- WHAT YOU SHOULD DO: Copy the entries below verbatim, omitting any pictures they contain.

- Crawled caption data:
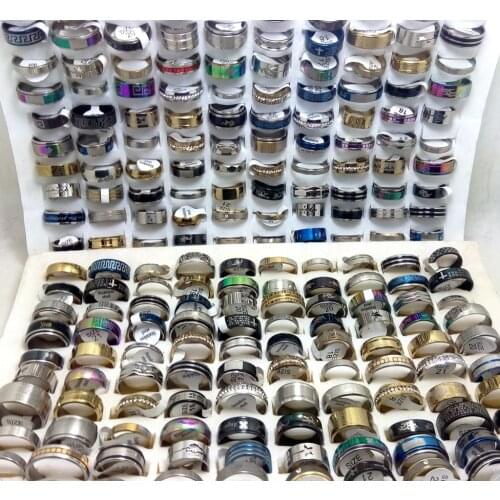Wholesale Bulk Lots 100pcs Men Women Fashion Stainless Steel Rings TOP DESIGN MIX Wedding Engagement Band Ring Trendy Jewelry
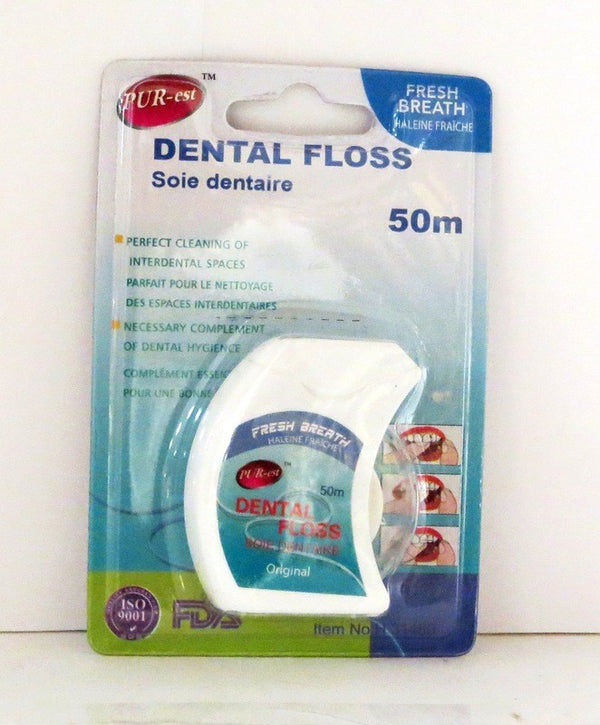 PUREST DENTAL FLOSS WAXED & MINT 50M 1PK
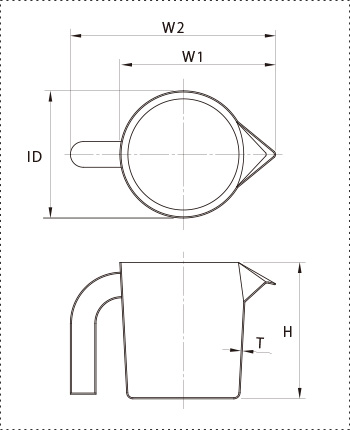BK-SMA-DP 液だれ防止サニタリービーカー 寸法図（容量1〜5L、SUS316L、内外面バフ研磨）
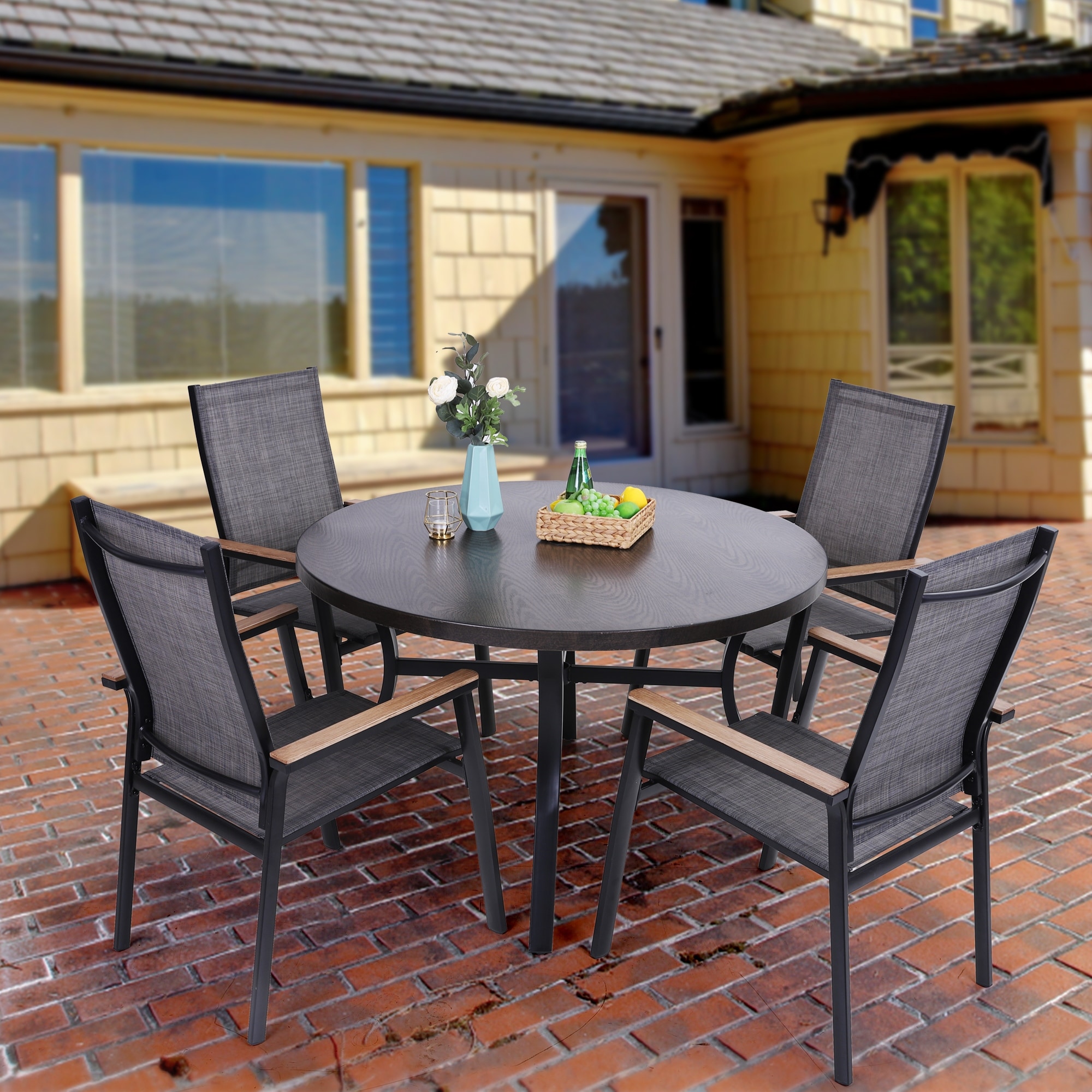 5-Piece Outdoor Patio Dining Set, 1 Metal Round Table with a 1.6" Umbrella Hole & 4 Textilene Chairs
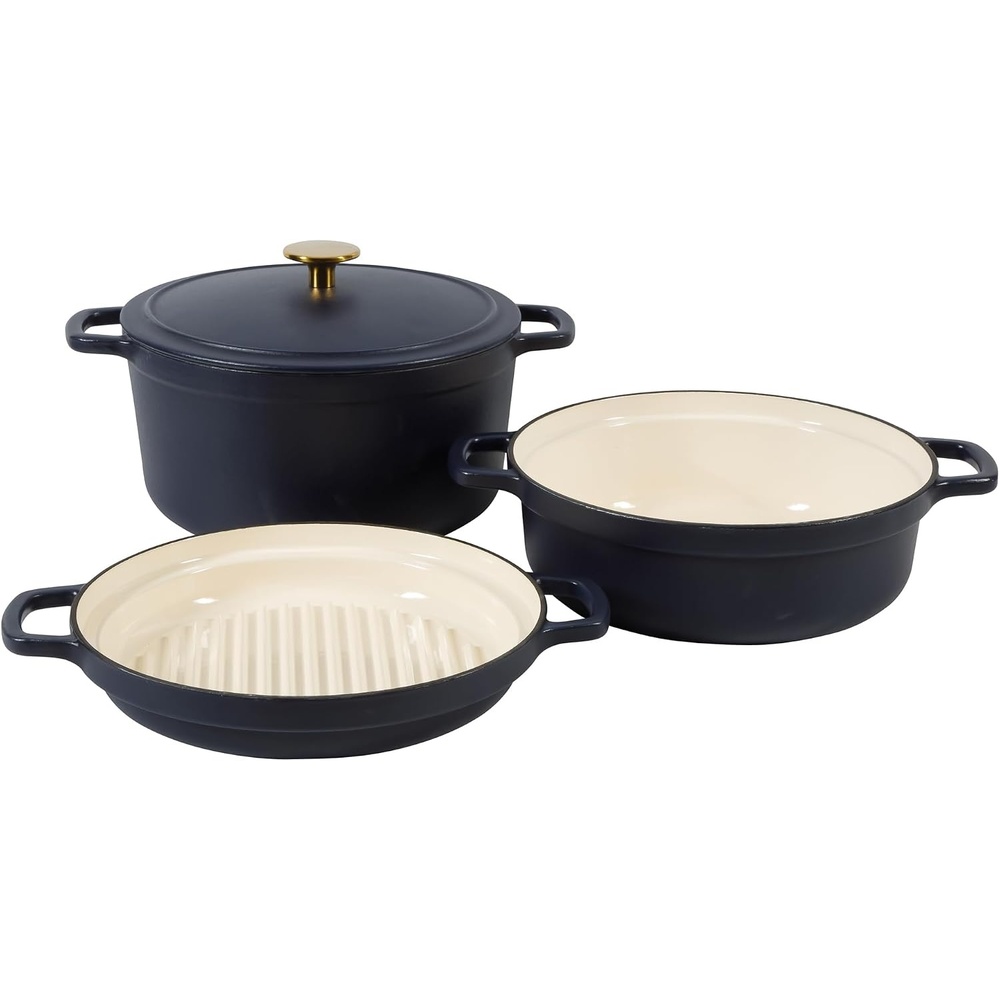 image:imageSur La Table Kitchen Essentials 4Piece Enameled Cast Iron Stackable Cookware Set 53 Qt Dutch Oven with Lid Braiser amp Grill Pan Navy Blue Gold Knob Oven Safe to 500F Induction CompatibleNavy Blue w Gold Knob Cookware Set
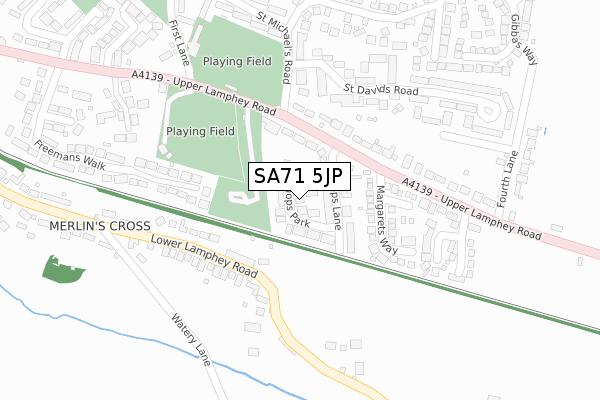 SA71 5JP map - large scale - OS Open Zoomstack (Ordnance Survey)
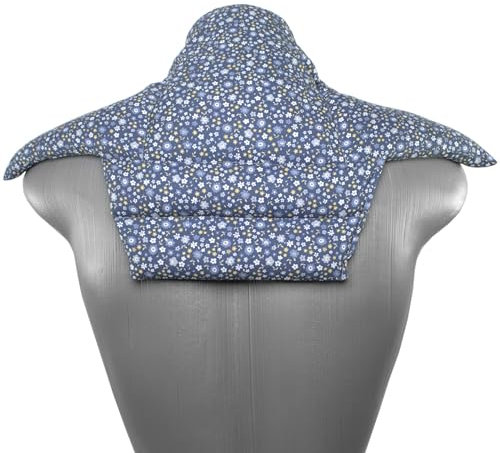 Nackenkissen Komfort - Bio-Stoff Blümchen-blau - Traubenkernkissen - Wärmekissen & Kältekissen - 5-Kammer Rücken Schulter Nacken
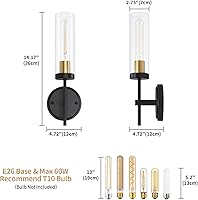Vista 5 de Juego de 2 apliques de pared modernos, luces de tocador de baño negras y doradas con vidrio transparente, juego de 2 apliques de pared con cableado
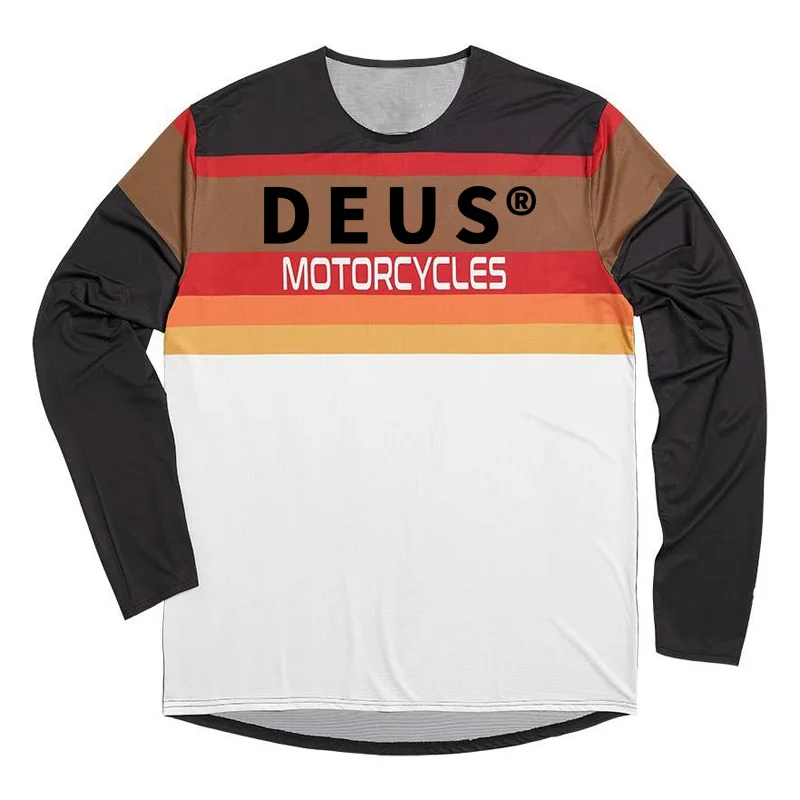 Men Women Retro Quick drying Long Sleeve Motorcycle Downhill Jersey Motocross T-shirt DEUS EX MACHINA Riding Bicycle Clothing DH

- FINISHED EXERCISE:
Wholesale Bulk Lots 100pcs Men Women Fashion Stainless Steel Rings TOP DESIGN MIX Wedding Engagement Band Ring Trendy Jewelry
 PUREST DENTAL FLOSS WAXED & MINT 50M 1PK
BK-SMA-DP 液だれ防止サニタリービーカー 寸法図（容量1〜5L、SUS316L、内外面バフ研磨）
 5-Piece Outdoor Patio Dining Set, 1 Metal Round Table with a 1.6" Umbrella Hole & 4 Textilene Chairs
 image:imageSur La Table Kitchen Essentials 4Piece Enameled Cast Iron Stackable Cookware Set 53 Qt Dutch Oven with Lid Braiser amp Grill Pan Navy Blue Gold Knob Oven Safe to 500F Induction CompatibleNavy Blue w Gold Knob Cookware Set
 SA71 5JP map - large scale - OS Open Zoomstack (Ordnance Survey)
 Nackenkissen Komfort - Bio-Stoff Blümchen-blau - Traubenkernkissen - Wärmekissen & Kältekissen - 5-Kammer Rücken Schulter Nacken
Vista 5 de Juego de 2 apliques de pared modernos, luces de tocador de baño negras y doradas con vidrio transparente, juego de 2 apliques de pared con cableado
 Men Women Retro Quick drying Long Sleeve Motorcycle Downhill Jersey Motocross T-shirt DEUS EX MACHINA Riding Bicycle Clothing DH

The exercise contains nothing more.